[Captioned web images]
Start of Block

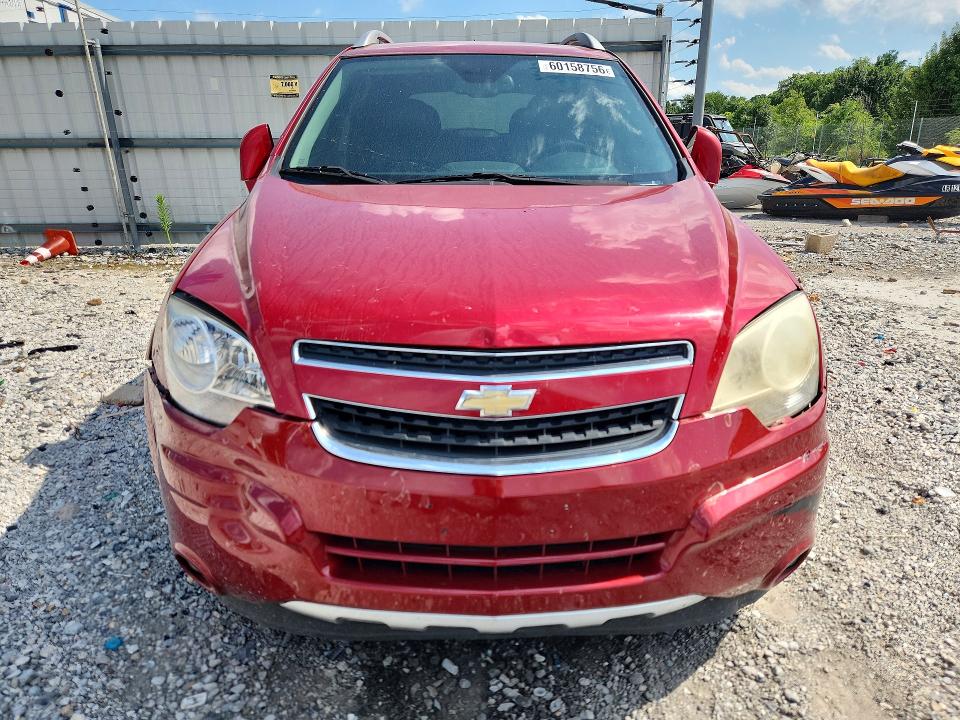 Продажа на аукционе авто 2014 Chevrolet Captiva, vin: 3GNAL3EK9ES612986, номер лота: 60158756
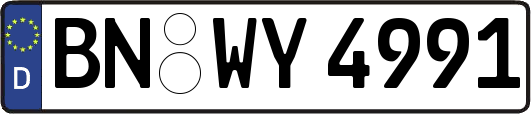 BN-WY4991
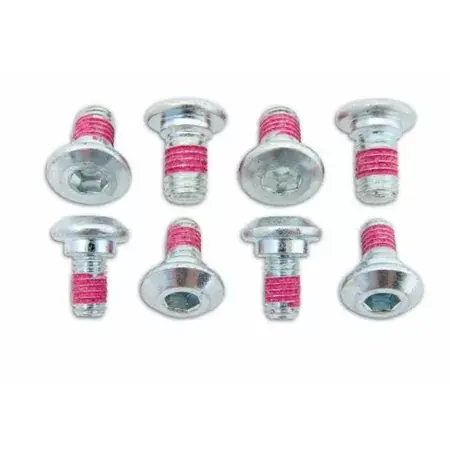 Schraubensatz Bremsscheibe Bolt Suzuki RM-Z250/450 - Kawasaki KX-F250/450 Preiswert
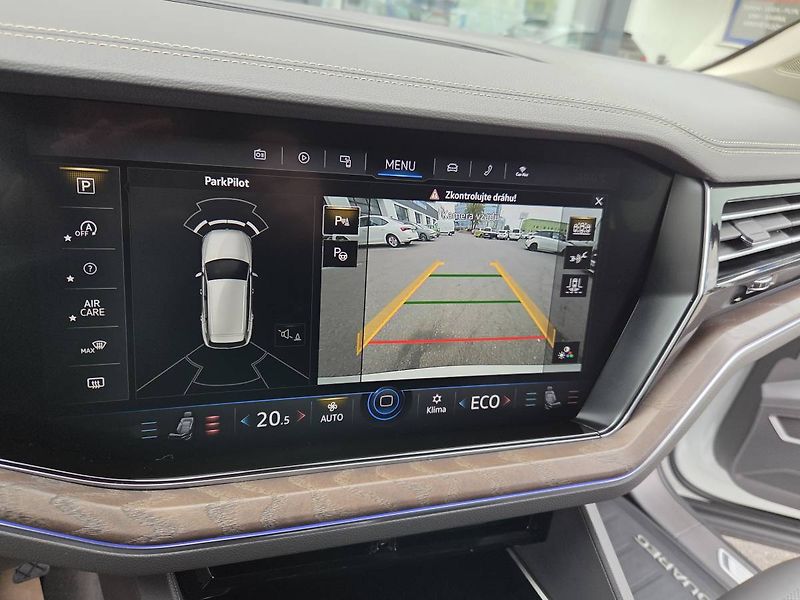 Volkswagen Touareg (2019) 3.0 TDI 210kW Vztduch/Noční vi - fotka 23 z 44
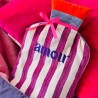 Wärmflasche Velvet Pinstripe Amour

End of Block

■ WORK REQUEST: A word-for-word restatement of all the lines above is needed, with the pictures omitted.

■ TASK ANSWER:
 Продажа на аукционе авто 2014 Chevrolet Captiva, vin: 3GNAL3EK9ES612986, номер лота: 60158756
 BN-WY4991
 Schraubensatz Bremsscheibe Bolt Suzuki RM-Z250/450 - Kawasaki KX-F250/450 Preiswert
 Volkswagen Touareg (2019) 3.0 TDI 210kW Vztduch/Noční vi - fotka 23 z 44
 Wärmflasche Velvet Pinstripe Amour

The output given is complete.